Tainted Maoists lose Nepal PM's election

Dogged by allegations of trying to buy MPs and fighting a leaked tape that purportedly caught a senior aide seeking NRS 500 million from a "friend" in China, Maoist chief, Mr Pushpa Kamal Dahal Prachanda crashed out of Nepal's prime ministerial race on Sunday, ending the former rebels' hope of recapturing power through parliament.

The 55-year-old former revolutionary, who had become republican Nepal's first prime minister two years ago with thumping majority, failed to inch towards even simple majority in the 599-member parliament after a power-brokering deal with regional parties broke down following the eruption of a bribery scandal.

The two groups that hold the key to power - the ruling Communists and a front of four parties from the Terai plains - continued to sit on the fence as they had in the five earlier rounds too, preventing Prachanda as well as his rival, Nepali Congress leader, Mr Ram Chandra Poudel, from mustering the 300 votes required to win.

Facing dissent in his own party and a souring of relations with the international community, Mr Prachanda could poll only 240 votes with 101 MPs voting against him and 163 abstaining.

Mr Poudel fared even worse, garnering just 122 votes while 242 voted against him and 172 abstained.

Foreseeing a disastrous defeat, the Maoist top leadership held an emergency meeting ahead of the poll to decide that they will not take part in a seventh round of election.
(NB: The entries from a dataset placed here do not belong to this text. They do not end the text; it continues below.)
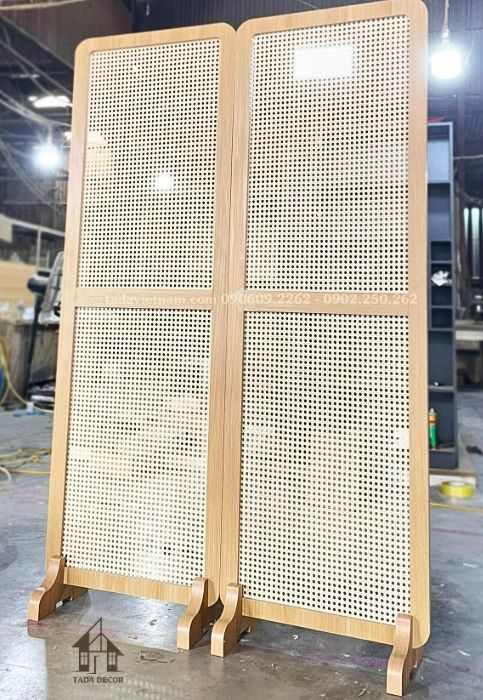 Mẫu vách ngăn phòng TADA TD993 kết hợp mây mát cao, tạo không gian thoáng và tinh tế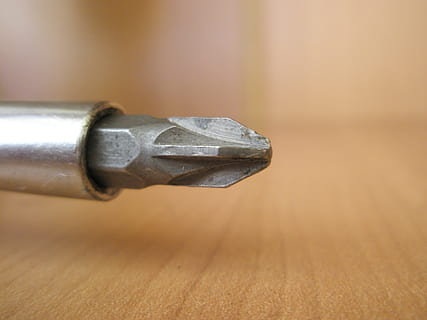 destornillador, herramienta, gris, adentro, metal, de cerca, nadie, copia espacio, solo objeto, conexión, centrarse en primer plano, arma, pistola, comunicación, color plateado, llave, Enchufe electrico, foto de estudio, mesa, aleación, cable USB, acero, agresión, 2K, CC0, dominio público, libre de derechos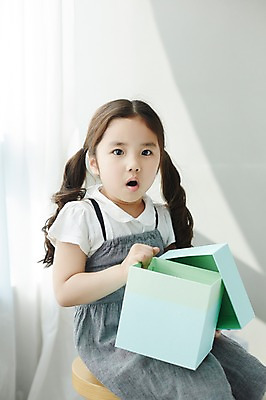 포토 JPG 스튜디오촬영 라이프스타일 여자 어린이라이프 어린이 의자 모션 놀이 실내 한명 들기 사람 앉기 동양인 소녀 상반신 앞모습 상자 놀람 한국인 여자만 여자한명만 어린이만 소녀만 소녀한명만 국내포토 1 감정 뷰포인트 가구 표정 인종 내부 생활 파일형식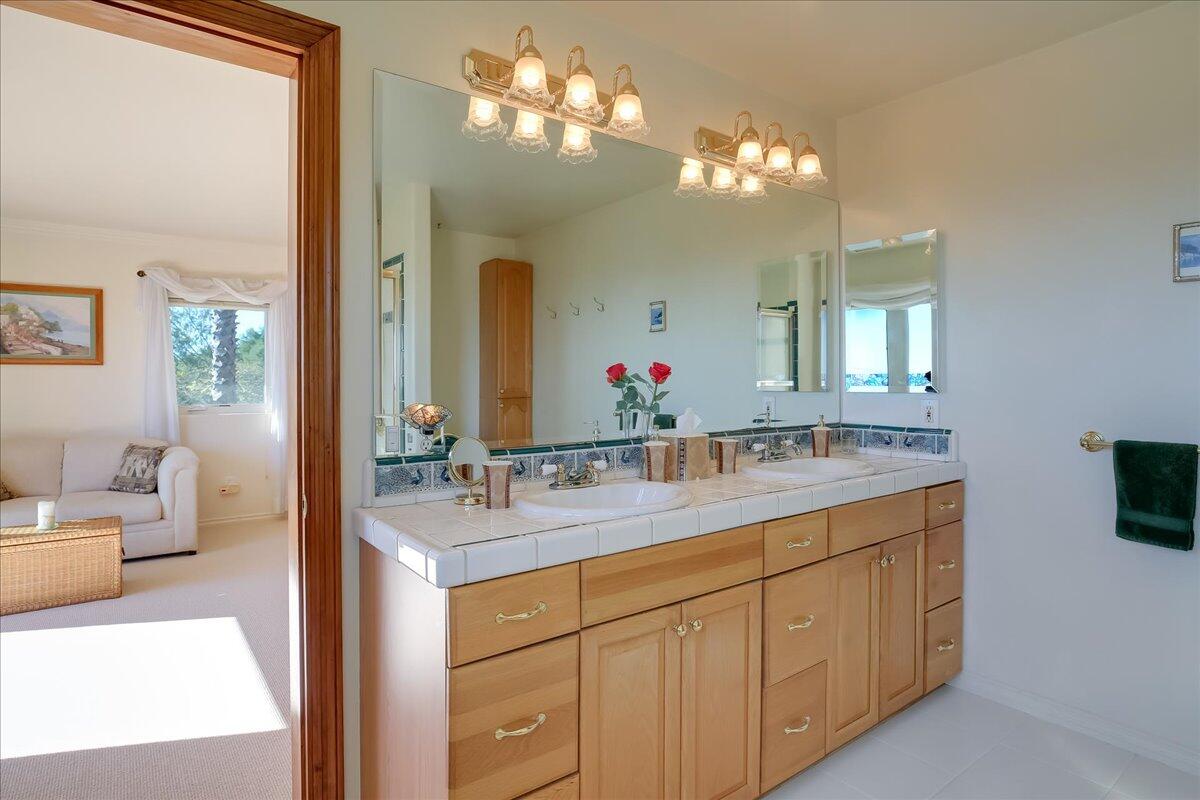 202 E Mountain Drive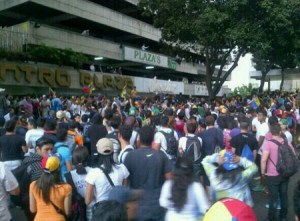 Venezolanos expresan apoyo a las puertas de Voluntad Popular (Fotos)
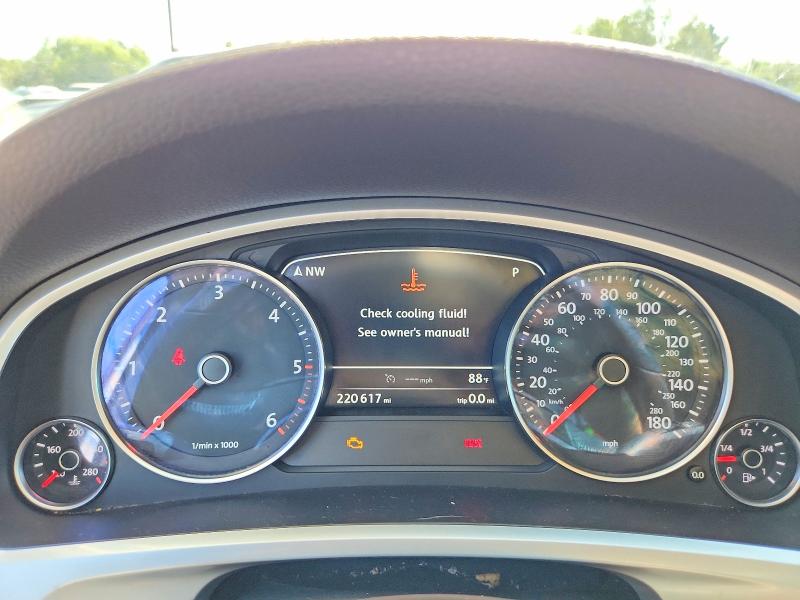 62204286 :رقم المزاد ، WVGEP9BP8DD011533 vin ، 2013 Volkswagen Touareg مزاد بيع
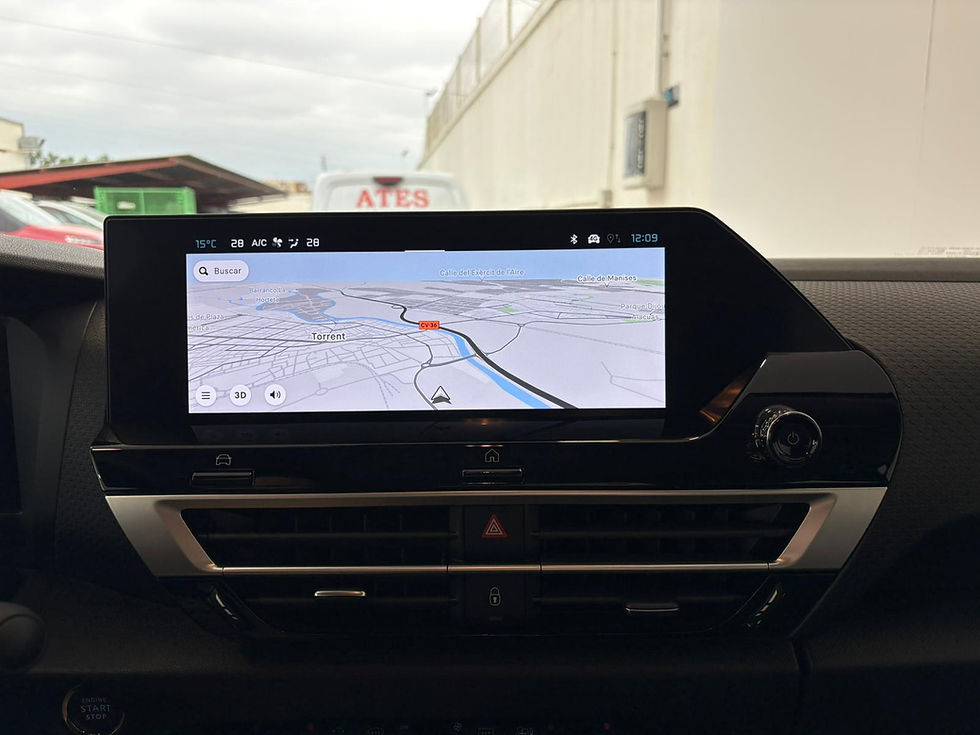 Miniatura: CITROEN C4 Hybrid 145 eDCS6 Business Edition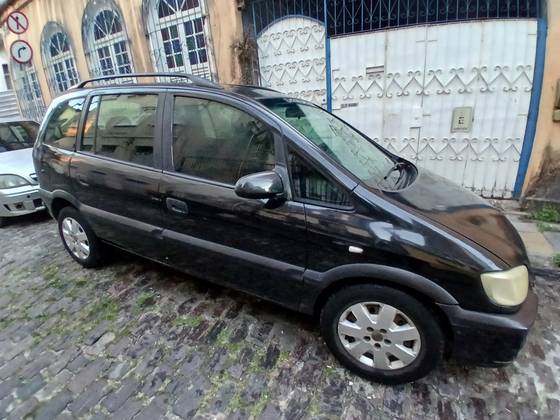 CHEVROLET ZAFIRA 2.0 MPFI COMFORT 8V FLEX 4P MANUAL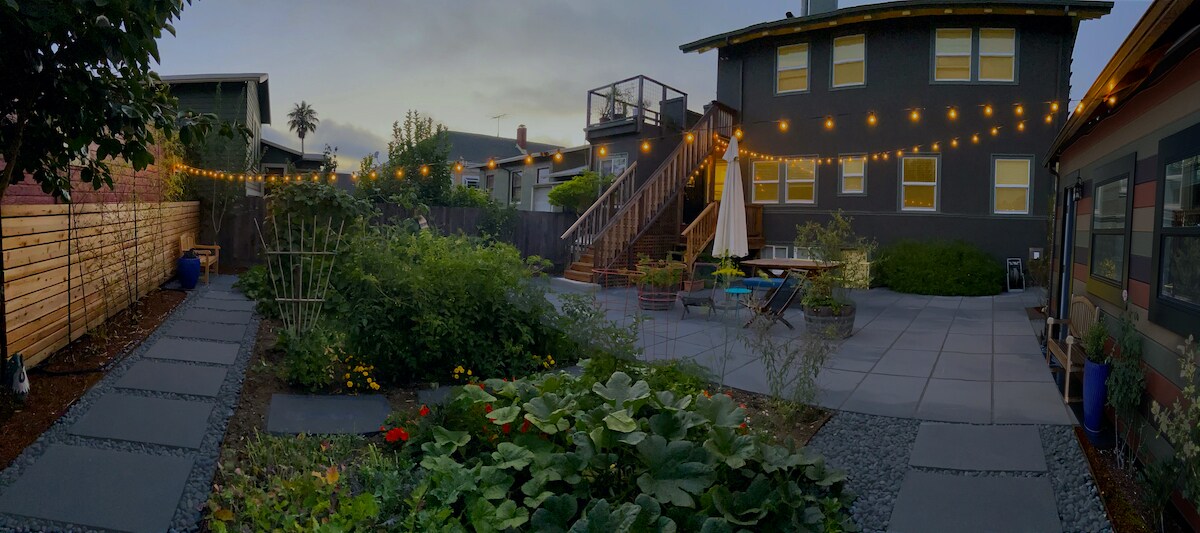 Backyard-Evening - 857 53rd St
Instead, they will begin a dialogue with other political parties as well as civil society members in the quest for a new government.

However, it is not going to be an easy task for the former rebels who swept the election in 2008.
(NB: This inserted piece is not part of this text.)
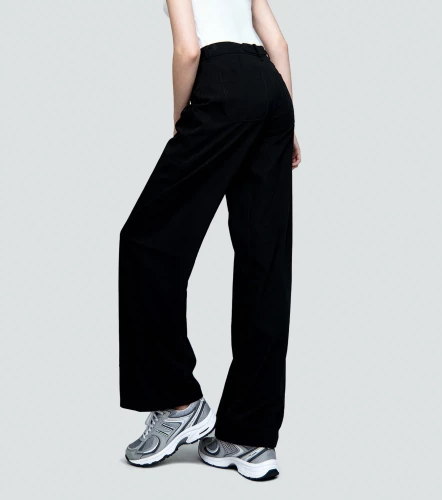 Antonella Pantalon Unicolor Con Detalles UnserNG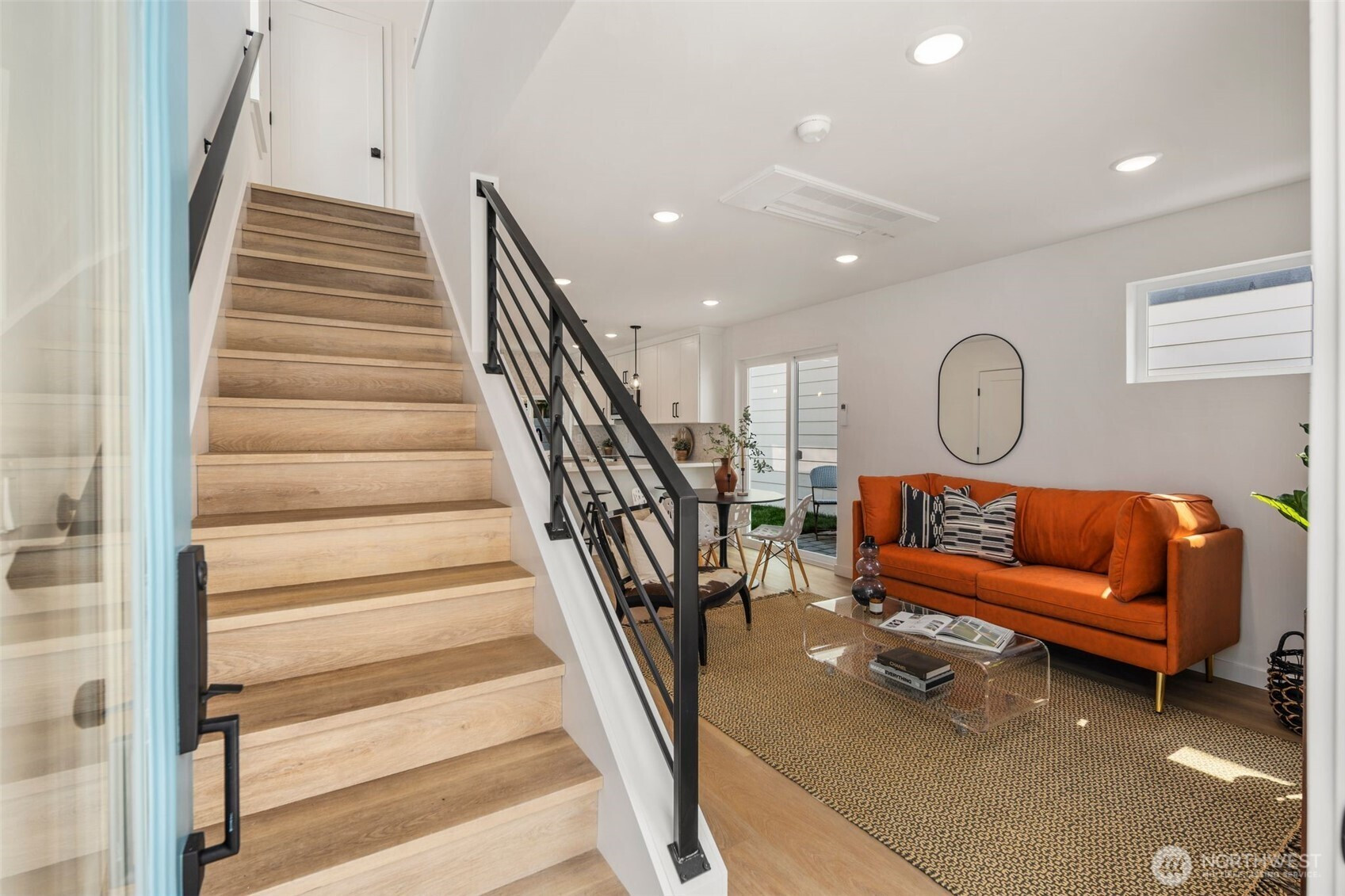 818 B S Sullivan Street, Seattle, WA 98108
The party's as well as Mr Prachanda's own image has been badly tarnished with loss of credibility, refusal to lay down arms despite signing a peace accord and sheer thirst for power.

Though the Maoists are the largest party in parliament and Prachanda needed only 64 votes more to win, the former guerrillas' negotiations with other parties were tainted by rank opportunism on both sides.

The Maoists, who had fought against monarchy and for secularism, were ready to ally with royalists and Hindu parties to capture power.

Though the new government's tenure is less than a year with the chief mandate to ready a new constitution by May 2011, reports said the Maoists were ready to accept a power-sharing formula with regional parties from the Terai plains that would have seen an unprecedented three deputy prime ministers.

Prachanda also faced growing allegations of splitting parties to win support and agreeing to pay cash to defecting MPs.

Last week, Chandra Prakash Mainali of the Communist Party of Nepal-Marxist Leninist claimed he was offered NRS 50 million to vote for the Maoists.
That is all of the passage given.